**Problem to solve**
The whole listing below must be printed again exactly, images excluded.

**Supplied data**
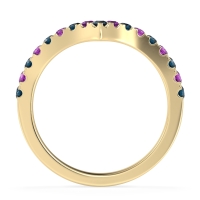 Chevron Half Eternity Lavana Band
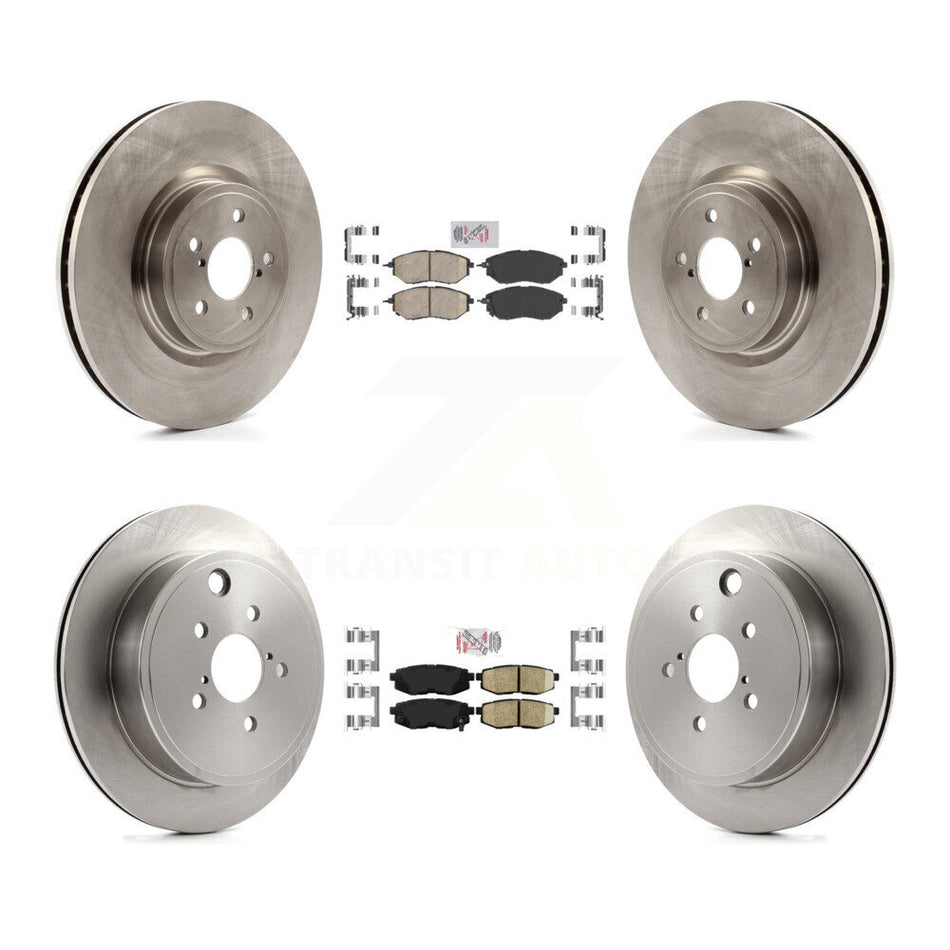 Front Rear Ceramic Pads And Disc Brake Rotors Kit For Subaru Outback Legacy K8A-102781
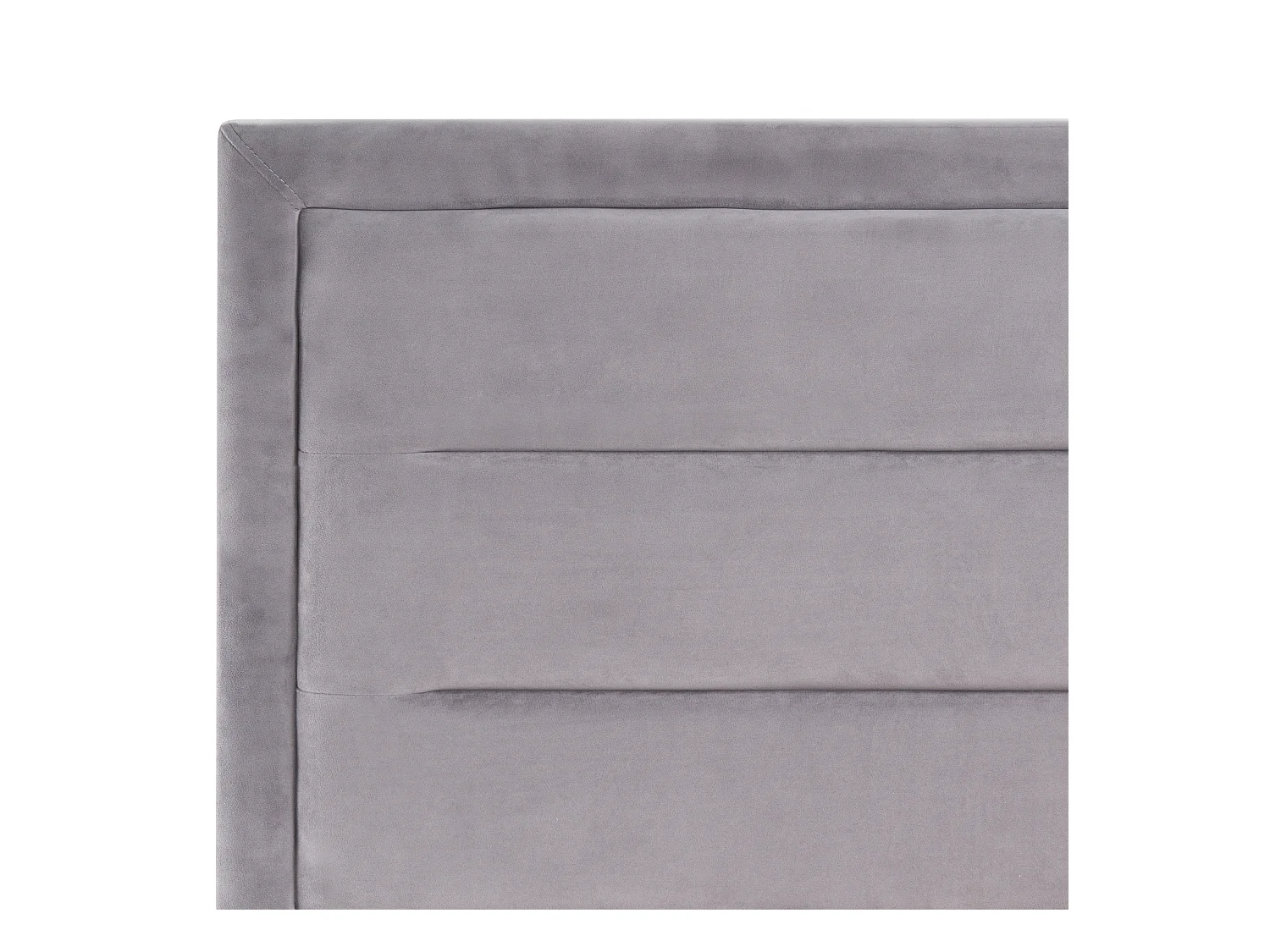 Lit à eau Velours ROUEN 160 x 200 cm Gris foncé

**Answer below**
 Chevron Half Eternity Lavana Band
 Front Rear Ceramic Pads And Disc Brake Rotors Kit For Subaru Outback Legacy K8A-102781
 Lit à eau Velours ROUEN 160 x 200 cm Gris foncé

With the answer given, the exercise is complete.